Abstract

Rhetoricians have introduced five criteria for the identification of allusion. The aim of this study is to verify the fourth and fifth criteria and to examine their efficiency since they have caused obscurity and confusion in recognition and identification of allusions and created inconsistency between the definitions and the nature of allusions. Regarding the correctness and effectiveness of the fifth criterion, it can be said that allusion is not realized in the form of words or compound words since it involves a compound image that is essentially embodied in an allusive proposition. This proposition enjoys a prime meaning with an actual or imaginary instance and hence it paves the way for the connotative meaning. Allusions, therefore, should be called allusive propositions.
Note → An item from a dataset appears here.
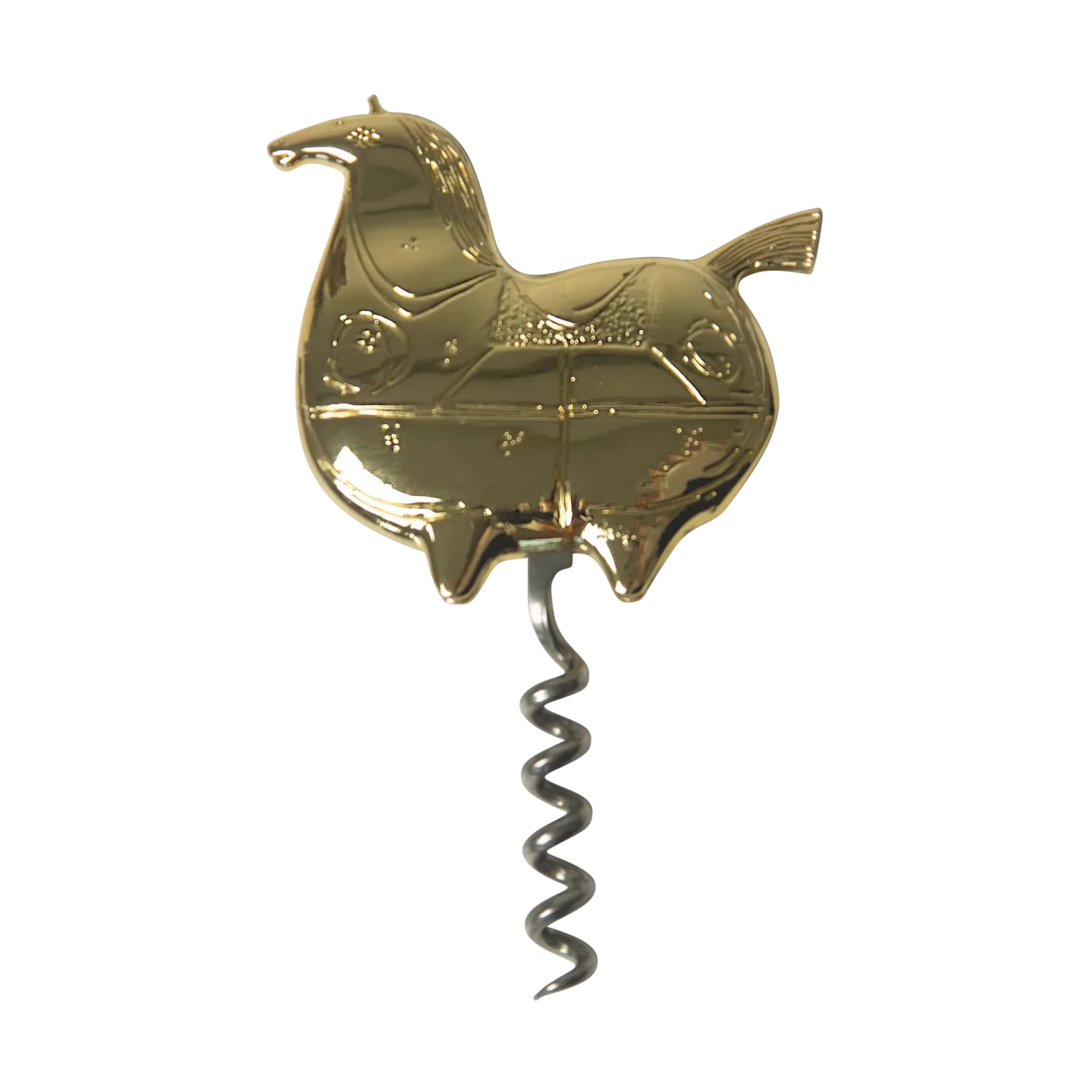 Pluto Design Stig L Springare Korkenzieher Gold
Regarding the efficiency and correctness of the fifth criterion, it can be argued that due to the imaginary and pictorial nature of allusion, its surface or prime meaning cannot always be realized in external world. Therefore, the prime meaning of allusion has sometimes an external instance and sometimes an imaginary one. Hence, according to the nature of prime meaning it could be said that there are three kinds of allusive propositions: pictorial allusive propositions whose prime and connotative meanings are realizable in the external world; imaginary allusive propositions whose prime and connotative meanings are imaginable or recognizable in imaginary world; and poetic allusive propositions which contain metonymy, simile and metaphor and their prime meaning is realizable after uncovering the metonymies and metaphors. The prime and connotative meanings of this kind are realizable in the external world or imaginary world.